The normalisation of harassment has been linked to the shockingly high levels of sexual violence, particularly among young people, highlighted by the Central Statistics Office.
University College Cork law professor Louise Crowley was involved in the creation of the CSO survey which revealed, amongst other things, that:
- 20% of women have been the victims of non-consensual sexual intercourse
- 52% of people aged 18 to 24 have experienced sexual violence
- Just 47% of sexual violence victims have told someone about it.
Prof Crowley pointed to a range of potential reasons why sexual violence was identified significantly more often among young people than those over 65.
“There’s the normalisation of everyday harassment,” she said. “The problem is when it becomes so normalised people don’t call it out, they take it as a given that it happens.”
She added: “Those who do this behaviour because they are not called out, they get this false consensus that this is OK. In turn, because they have this sense of permission, unchallenged permission. (Of) those who are so inclined their behaviour will escalate.”
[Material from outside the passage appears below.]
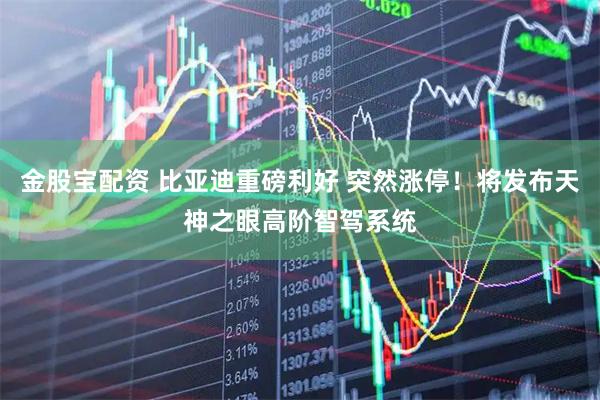 金股宝配资 比亚迪重磅利好 突然涨停！将发布天神之眼高阶智驾系统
On the low levels of people telling someone about what has happened to them she said: "People need to realise if someone comes to you and says ‘I think I was sexually assaulted’ then what you say in response is a form of intervention, a supportive intervention. What you say in response is so critical."
She urged people of all ages to take training so they know how to respond, adding: “Everybody can do something, we all have the capacity to do something.”
Overall, Prof Crowley, who heads up the UCC awareness training ‘Bystander Intervention Programme’, said everyone needs to step up now and respond to the “devastating” levels of sexual violence revealed by the CSO.
"“In light of the (CSO) stats, this is so important. We have to all now step up,” she said. “The prevalence is so huge that in some way, whether directly or indirectly, we are all affected. The life-changing trauma that comes from sexual violence is devastating.”
Cork Sexual Violence Centre director Mary Crilly said the problem runs right through society.
“It’s not just young people, we have a lot of women coming in in their 40s, 50s, 60s here who were raped as adults, not just as children,” she said.
She also called for more awareness of the wide range of incidents which make up sexual violence.
“It’s good to have these statistics there in black and white, to get rid of the stereotypical thing that sexual violence is a stranger pulling you in from the alley,” she said.
“The problem is people coming to us might say ‘it wasn’t really rape, he didn’t hit me’ or ‘I knew him’, because we learn rape is someone from the outside so people can find it hard to accept it was rape.”
The CSO found 78% or four in five victims knew the person harming them.
"What I see changing in a positive way is when people tell their friends or family now, they are being believed," she said.